Informatics 2D. Coursework 1:
Propositional Inference and Satisfiability
9th February 2017
1 Introduction
The objective of this assignment is to help you understand inference procedures using Propositional
Logic. You will implement, use and evaluate the inference problems and their algorithms using Haskell.
You should download the following file from the Inf2D coursework page:
http://www.inf.ed.ac.uk/teaching/courses/inf2d/coursework/Inf2dAssignment1.tar.gz
Use the command tar xvf Inf2dAssignment1.tar.gz to extract the files contained within. This will
create a directory named Inf2dAssignment1/ containing all files provided for the assignment.
You will submit a version of the Inf2d.hs file containing your implemented functions and a small report
(report.pdf). Remember to add your matriculation number at the top of the Inf2d.hs file and in the
report.
The deadline for the assignment is:
Thursday, 9th of March 2017 at 3 pm.
Submission details can be found in the last Section.
If your Haskell is quite rusty, you should revise the following topics:
• Recursion
• Currying
• Higher-order functions
• List Processing functions such as map, filter, foldl, sortBy, etc.
• The Maybe monad
The following webpage has lots of useful information if you need to revise Haskell. There are also links
to descriptions of the Haskell libraries that you might find useful:
Haskell resources: http://www.haskell.org/haskellwiki/Haskell
In particular, to read this assignment sheet, you should recall the Haskell type-definition syntax. For
example, a function foo which takes an argument of type Int and an argument of type String, and
returns an argument of type Int, has the type declaration foo :: Int → String → Int. Most of the
functions you will write have their corresponding type-definitions already given.
1
2 Important Information
There are the following sources of help:
• Attend lab sessions
• Read “Artificial Intelligence: A Modern Approach” Third Edition, Russell & Norvig, Prentice Hall,
2010 (R&N) Chapter 7 Logical Agents or
“Artificial Intelligence: A Modern Approach” Third Edition, Pearson New International Edition,
Russell R & Norvig P, Pearson, 2014 (NIE) Chapter 6 Logical Agents
• Email the course lecturers
• Read all emails sent to the Inf2D mailing list regarding the assignment.
Also …
• Comment your Haskell code.
• Make sure your code compiles successfully before submitting.
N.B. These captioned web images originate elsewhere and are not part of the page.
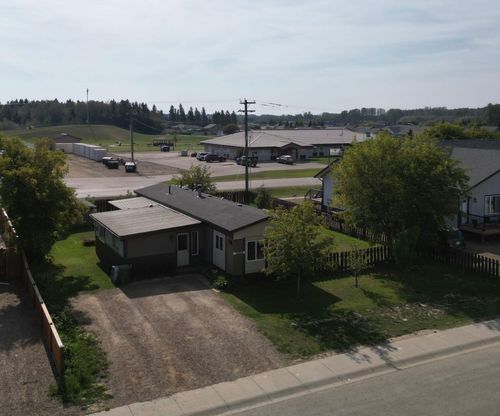 10013 95 Ave, La Crete, AB, T0H0G6 | Card Image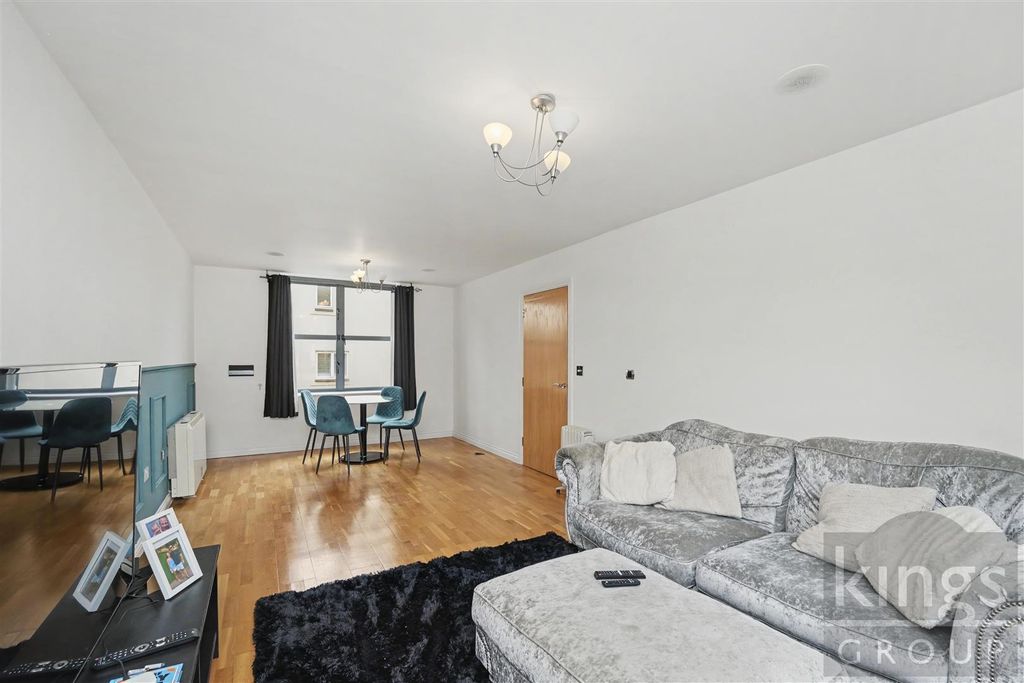 2 bed flat for saleSoper Square, Newhall, Harlow CM17 photo 2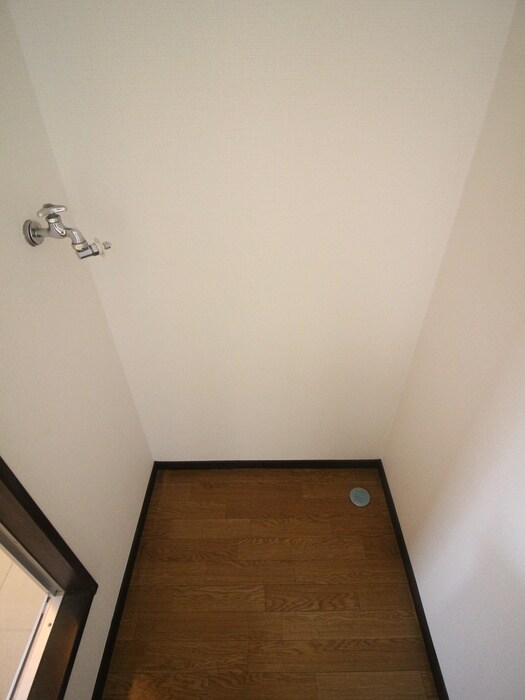 物件内観写真20　(洗濯機置場)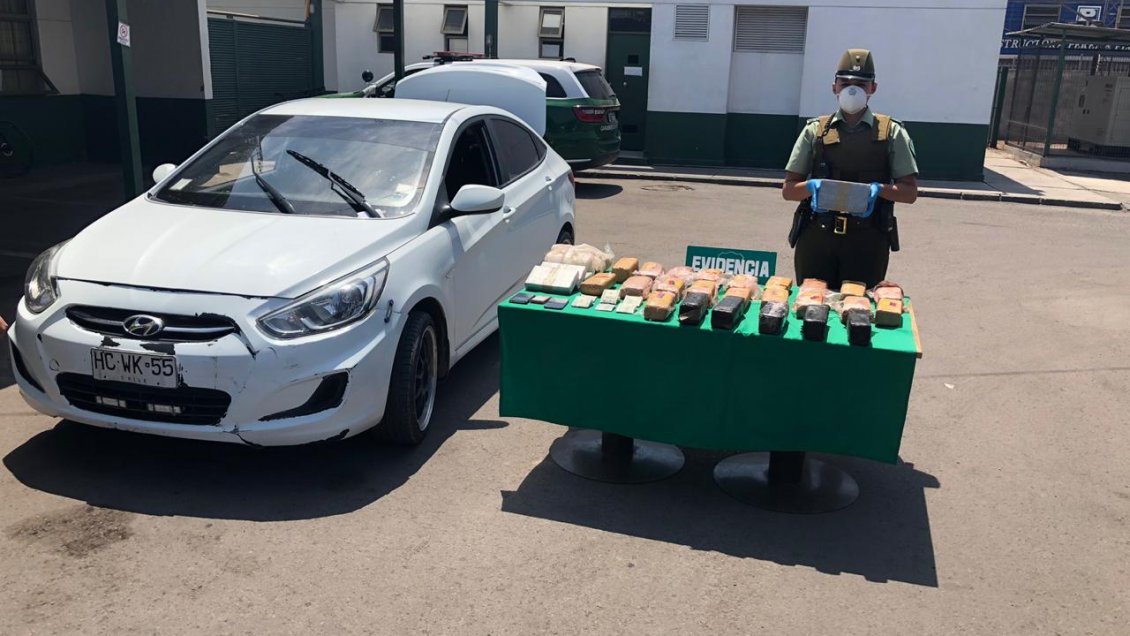 Persecución policial terminó con dos detenidos y 34 kilos de droga incautada en Alto Hospicio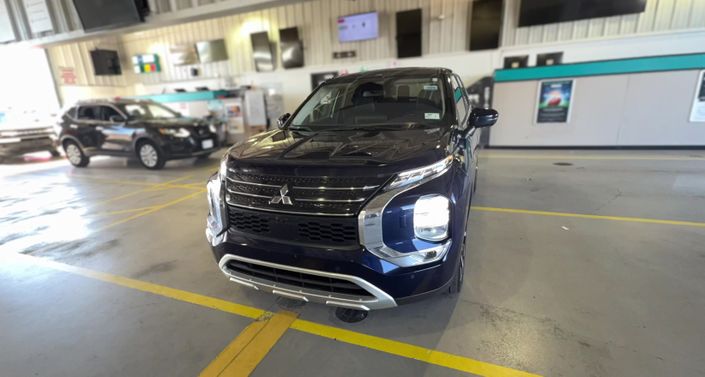 Thumbnail: 2023 Mitsubishi Outlander - 1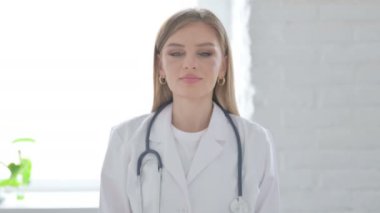 Kadın Doktor 'un Kafasını Sallayan Portresi Evet İşareti, Onaylama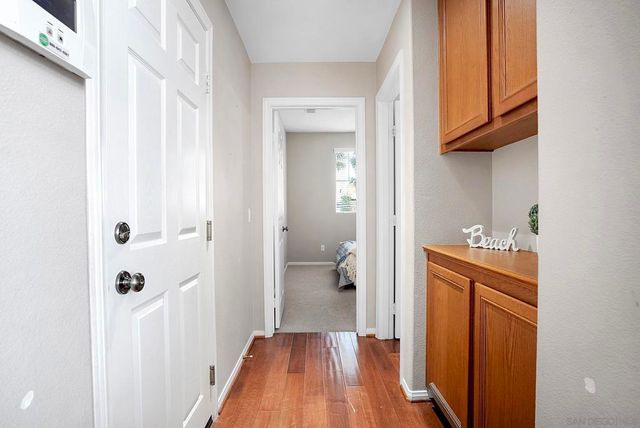 1670 Grasshopper Ln, Chula Vista, CA 91915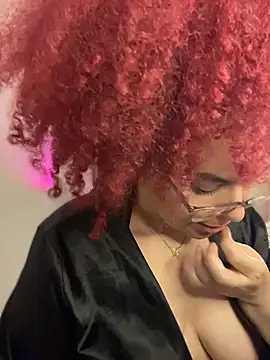 دردشة Leyah__ الجنسية المباشرة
• Your code will be tested using the libraries and supporting files provided in the assignment folder.
• Don’t change the names or type definitions of the functions you are asked to implement.
3 Getting Started
In this assignment, you will be implementing some inference procedures for propositional logic. Specific-
ally, you will be implementing the WalkSAT algorithm for deciding propositional entailment, as well as
the DPLL (Davis-Putnam-Logemann-Loveland) algorithm for checking satisfiability of a sentence in pro-
positional logic. This assignment will guide you through the implementation by providing you function
signatures which you must complete for your inference programs to work.
You can test your implementation by using the support code provided in the assignment folder.
4 Preliminaries
In this assignment, we will focus on propositional inference for sentences in CNF form. A set of datatypes
and functions can be found in the Prop.hs file.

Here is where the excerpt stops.